# [WHAT IS NEEDED]
As an exercise, transcribe the data below in full and exactly, omitting pictures.

# [GIVEN DATA]
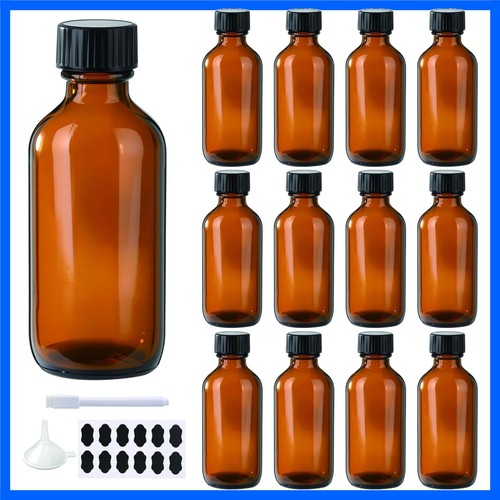 Pack 2oz amber glass - 2oz,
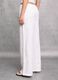 100% Linen Wide-Leg Trousers White_2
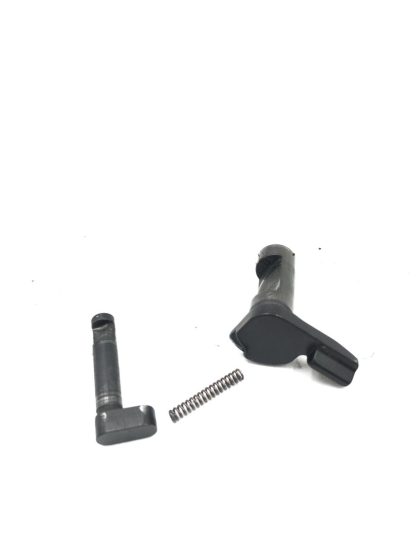 Beretta 92FS 9mm, pistol parts, disassembly lever, button, and spring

# [ANSWER TO THE PROBLEM]
 Pack 2oz amber glass - 2oz,
 100% Linen Wide-Leg Trousers White_2
 Beretta 92FS 9mm, pistol parts, disassembly lever, button, and spring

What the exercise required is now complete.